» **DESCRIPTION OF THE TASK**
Below this line is a set of entries; quote exactly the lines from the line that contains "Everyday Math - Name that Number - YouTube" to the line that contains "Lámpara de Escritorio", both lines included.

» **DATA SHOWN**
━━━━━━━━

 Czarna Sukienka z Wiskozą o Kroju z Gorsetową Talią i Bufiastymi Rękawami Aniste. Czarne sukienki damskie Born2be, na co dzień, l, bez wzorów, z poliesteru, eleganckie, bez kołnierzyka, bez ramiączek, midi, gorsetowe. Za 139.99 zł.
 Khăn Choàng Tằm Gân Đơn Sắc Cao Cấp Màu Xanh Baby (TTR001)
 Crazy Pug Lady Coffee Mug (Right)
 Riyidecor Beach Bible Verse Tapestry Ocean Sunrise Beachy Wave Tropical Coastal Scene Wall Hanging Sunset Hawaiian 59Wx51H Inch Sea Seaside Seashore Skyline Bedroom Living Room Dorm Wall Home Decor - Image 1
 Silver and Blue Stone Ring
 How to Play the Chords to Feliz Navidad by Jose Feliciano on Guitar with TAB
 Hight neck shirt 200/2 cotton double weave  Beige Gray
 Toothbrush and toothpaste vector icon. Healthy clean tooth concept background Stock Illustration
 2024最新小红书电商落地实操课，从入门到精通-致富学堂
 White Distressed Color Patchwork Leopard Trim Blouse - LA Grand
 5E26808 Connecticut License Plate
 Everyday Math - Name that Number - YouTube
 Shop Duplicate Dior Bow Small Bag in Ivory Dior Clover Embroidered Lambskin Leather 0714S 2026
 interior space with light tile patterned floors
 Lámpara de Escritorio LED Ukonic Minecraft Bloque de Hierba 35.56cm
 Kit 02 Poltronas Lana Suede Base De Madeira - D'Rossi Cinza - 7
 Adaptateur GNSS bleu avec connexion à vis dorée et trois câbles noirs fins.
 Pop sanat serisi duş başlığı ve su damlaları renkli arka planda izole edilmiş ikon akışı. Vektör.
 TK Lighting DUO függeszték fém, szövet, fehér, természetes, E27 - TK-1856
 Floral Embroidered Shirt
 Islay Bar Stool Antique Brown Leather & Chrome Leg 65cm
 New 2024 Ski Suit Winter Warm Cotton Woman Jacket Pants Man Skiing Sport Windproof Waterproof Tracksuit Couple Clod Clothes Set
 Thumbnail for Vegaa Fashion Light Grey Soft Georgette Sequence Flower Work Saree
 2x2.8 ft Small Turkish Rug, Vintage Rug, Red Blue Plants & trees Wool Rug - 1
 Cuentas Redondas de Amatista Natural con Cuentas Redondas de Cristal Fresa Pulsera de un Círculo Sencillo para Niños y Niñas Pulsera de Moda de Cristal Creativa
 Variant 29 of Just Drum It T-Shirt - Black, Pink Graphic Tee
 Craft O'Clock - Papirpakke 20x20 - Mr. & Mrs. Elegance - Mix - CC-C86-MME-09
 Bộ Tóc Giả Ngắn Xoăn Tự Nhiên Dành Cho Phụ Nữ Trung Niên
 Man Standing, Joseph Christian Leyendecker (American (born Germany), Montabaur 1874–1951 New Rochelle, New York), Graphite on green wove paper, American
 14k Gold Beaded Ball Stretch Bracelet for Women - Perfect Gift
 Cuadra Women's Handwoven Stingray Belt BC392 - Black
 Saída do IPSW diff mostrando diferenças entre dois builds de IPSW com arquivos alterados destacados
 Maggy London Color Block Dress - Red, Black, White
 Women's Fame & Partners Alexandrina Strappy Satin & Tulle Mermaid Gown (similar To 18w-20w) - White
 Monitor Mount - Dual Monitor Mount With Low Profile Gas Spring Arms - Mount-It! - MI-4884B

━━━━━━━━

» **RESPONSE TO THIS EXERCISE**
 Everyday Math - Name that Number - YouTube
 Shop Duplicate Dior Bow Small Bag in Ivory Dior Clover Embroidered Lambskin Leather 0714S 2026
 interior space with light tile patterned floors
 Lámpara de Escritorio LED Ukonic Minecraft Bloque de Hierba 35.56cm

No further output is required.